В очерке ‘Как я была инструктором ткацкого дела’ Шагинян с публицистической точностью формулировала свое восприятие революции. ‘Чем лучшие бредили, что во сне виделось, в молитве, молилось, — писала Шагинян, — искупление — час жертвы за пашу вину перед мучениками жизни, вдруг пробило на часах каждого из нас, вошло и стало’. Осмысливание революции под углом зрения выдвинутых ею морально-этических задач было характерно именно для тех представителей интеллигенции, перешедшей на сторону советской власти, которые подобно Мариэтте Шагинян были органически связаны с буржуазной средой.
Путь Мариэтты Шагинян пролегает от буржуазной литературы. Общественно-политические и философские взгляды Шагинян, сформировавшиеся еще в предреволюционную эпоху, составляли стройную идеалистическую систему. Тем показательнее путь, пройденный автором ‘Гидроцентрали’.

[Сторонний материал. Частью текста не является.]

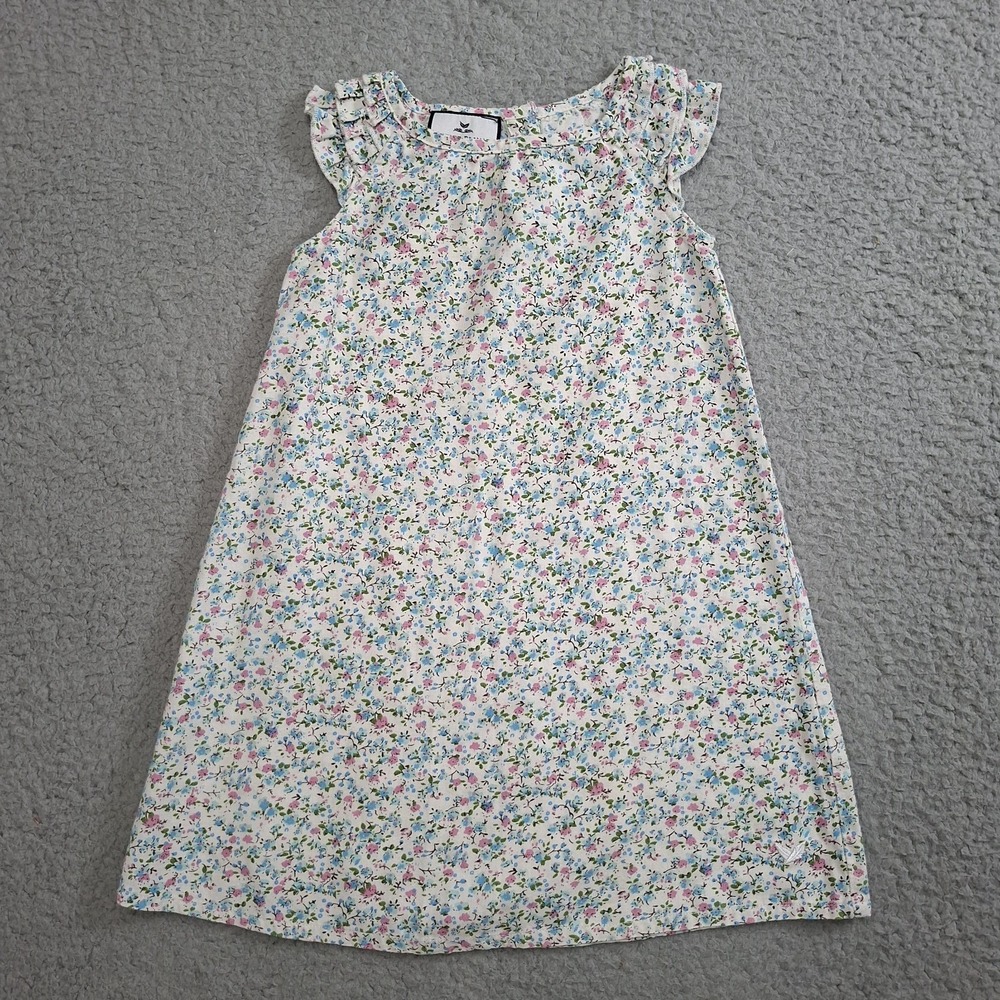 Petite Plume Girl's Size 2  Twill Amelie‎ Nightgown OR dress ~ in Ditzy Floral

Шагинян начинала, как известно, со стихов. ‘Первые встречи’ — так называлась ее первая книга, увидевшая свет в 1909 году. ‘Лирика Шагинян — менее всего лирика неразделенной любви. Совсем не женская, не ахматовская лирическая интонация свойственна ранней Шагинян. Это — своеобразная интеллектуальная лирика. Лирика мысли, лирика неудовлетворенного познания. Не здесь ли, кстати сказать, пролегает и психологическая подпочва позднейших гетеанских исканий?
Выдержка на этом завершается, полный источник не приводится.